La utilidad de los organismos autónomos vuelve a ponerse en tela de juicio en La Isla

Una mayor autonomía e independencia para administrar los recursos, más flexibilidad en la gestión, posibilidad de recurrir a un mayor número de subvenciones... Son las razones que entre finales de los 90 y principios del nuevo siglo se esgrimieron desde el Ayuntamiento para justificar la sucesiva creación de organismos autónomos: la Gerencia Municipal de Urbanismo, el IMPI y la Fundación de la Mujer tomaron forma junto a la empresa municipal de suelo Esisa en apenas cuatro años para consolidar una amplia estructura municipal que venía muy bien en tiempos de bonanza económica y crecimiento. Pero dicha estructura empezó a ponerse en tela de juicio en cuanto las consecuencias de la crisis económica se hicieron visibles.
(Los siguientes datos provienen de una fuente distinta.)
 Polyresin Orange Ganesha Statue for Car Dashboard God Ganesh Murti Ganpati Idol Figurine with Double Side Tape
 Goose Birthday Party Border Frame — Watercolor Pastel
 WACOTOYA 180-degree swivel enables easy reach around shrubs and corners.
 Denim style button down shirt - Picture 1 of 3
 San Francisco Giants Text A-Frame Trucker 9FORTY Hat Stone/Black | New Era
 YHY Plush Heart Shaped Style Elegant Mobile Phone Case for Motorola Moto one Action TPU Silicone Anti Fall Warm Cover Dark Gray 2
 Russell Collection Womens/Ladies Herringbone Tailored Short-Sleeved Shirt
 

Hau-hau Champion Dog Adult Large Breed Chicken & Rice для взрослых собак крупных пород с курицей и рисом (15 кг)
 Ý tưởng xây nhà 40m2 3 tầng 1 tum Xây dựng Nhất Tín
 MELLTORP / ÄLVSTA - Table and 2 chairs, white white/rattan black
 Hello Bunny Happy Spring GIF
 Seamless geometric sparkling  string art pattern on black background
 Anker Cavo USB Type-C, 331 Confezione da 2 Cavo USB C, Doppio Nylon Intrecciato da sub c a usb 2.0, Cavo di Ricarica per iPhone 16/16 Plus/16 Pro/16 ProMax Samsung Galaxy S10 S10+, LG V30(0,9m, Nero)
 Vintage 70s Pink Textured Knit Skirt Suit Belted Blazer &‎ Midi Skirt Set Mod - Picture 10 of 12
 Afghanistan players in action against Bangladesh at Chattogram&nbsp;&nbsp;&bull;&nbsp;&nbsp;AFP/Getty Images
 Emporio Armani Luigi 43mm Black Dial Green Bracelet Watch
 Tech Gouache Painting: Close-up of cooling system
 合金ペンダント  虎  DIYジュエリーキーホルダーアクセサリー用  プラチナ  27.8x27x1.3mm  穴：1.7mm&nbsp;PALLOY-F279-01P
La Gerencia de Urbanismo pronto se hizo inservible. Fue la primera en caer. En 2011, recién llegado el PP al gobierno municipal, promovió su disolución. Apenas unos meses después, en 2012, del plan de ajuste aprobado por el Ayuntamiento insistió en la necesidad de reducir el número de organismos autónomos, especialmente aquellos que resultaban deficitarios.

La utilidad de los organismos autónomos en las administraciones locales sigue hoy siendo un tema de debate, si bien es cierto que en el fondo no hay grandes diferencias con la gestión a través de una delegación municipal. Con todo, el gobierno local considera que la reclamación de Hacienda -al no existir una situación económica que justifique la petición- se adentra en la esfera de las competencias estrictamente municipales.